## [The problem]
Below are records; count the lines that contain "Photo" and give only the total.

[Opening Data shown section]

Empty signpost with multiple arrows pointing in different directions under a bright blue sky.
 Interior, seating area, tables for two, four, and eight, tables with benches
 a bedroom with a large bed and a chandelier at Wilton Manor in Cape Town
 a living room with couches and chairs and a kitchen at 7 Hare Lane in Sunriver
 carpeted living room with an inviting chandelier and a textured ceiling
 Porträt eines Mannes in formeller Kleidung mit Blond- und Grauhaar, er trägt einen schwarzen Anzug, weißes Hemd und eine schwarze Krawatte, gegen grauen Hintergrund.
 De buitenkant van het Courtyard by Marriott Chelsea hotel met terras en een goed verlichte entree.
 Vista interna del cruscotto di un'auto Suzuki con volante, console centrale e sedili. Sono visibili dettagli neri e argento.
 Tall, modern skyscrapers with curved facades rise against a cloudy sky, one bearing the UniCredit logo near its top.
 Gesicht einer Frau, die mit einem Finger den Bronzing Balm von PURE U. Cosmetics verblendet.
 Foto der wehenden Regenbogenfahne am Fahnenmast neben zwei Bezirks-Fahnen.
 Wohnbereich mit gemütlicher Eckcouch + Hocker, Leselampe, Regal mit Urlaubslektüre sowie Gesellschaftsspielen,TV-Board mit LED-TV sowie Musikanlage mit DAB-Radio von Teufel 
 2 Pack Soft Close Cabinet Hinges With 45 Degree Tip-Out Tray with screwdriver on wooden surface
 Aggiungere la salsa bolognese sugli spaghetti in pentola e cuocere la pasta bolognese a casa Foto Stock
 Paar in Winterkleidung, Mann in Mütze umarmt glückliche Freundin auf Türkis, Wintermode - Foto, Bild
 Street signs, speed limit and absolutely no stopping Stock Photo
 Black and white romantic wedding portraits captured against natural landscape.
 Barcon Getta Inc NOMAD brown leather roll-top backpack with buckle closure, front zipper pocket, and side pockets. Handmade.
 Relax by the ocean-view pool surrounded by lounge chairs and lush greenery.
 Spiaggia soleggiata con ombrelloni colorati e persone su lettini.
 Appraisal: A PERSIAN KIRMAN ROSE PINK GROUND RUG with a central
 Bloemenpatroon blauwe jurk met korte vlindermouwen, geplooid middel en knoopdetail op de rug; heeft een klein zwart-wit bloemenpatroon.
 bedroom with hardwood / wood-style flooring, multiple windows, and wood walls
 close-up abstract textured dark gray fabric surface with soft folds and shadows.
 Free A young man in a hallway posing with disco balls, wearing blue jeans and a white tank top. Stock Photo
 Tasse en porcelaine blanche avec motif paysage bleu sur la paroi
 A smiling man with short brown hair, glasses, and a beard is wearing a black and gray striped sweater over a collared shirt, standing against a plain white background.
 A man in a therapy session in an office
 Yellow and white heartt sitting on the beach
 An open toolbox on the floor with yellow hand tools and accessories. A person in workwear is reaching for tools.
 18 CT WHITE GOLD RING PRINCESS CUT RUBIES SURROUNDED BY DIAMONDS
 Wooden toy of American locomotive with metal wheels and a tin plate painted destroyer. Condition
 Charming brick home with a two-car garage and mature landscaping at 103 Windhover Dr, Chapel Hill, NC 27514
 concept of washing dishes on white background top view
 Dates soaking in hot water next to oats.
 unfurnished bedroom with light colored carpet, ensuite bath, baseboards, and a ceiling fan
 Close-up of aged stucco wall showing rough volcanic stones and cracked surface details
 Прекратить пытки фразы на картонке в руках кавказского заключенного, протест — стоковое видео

[Closing Data shown section]

## [Response area]
2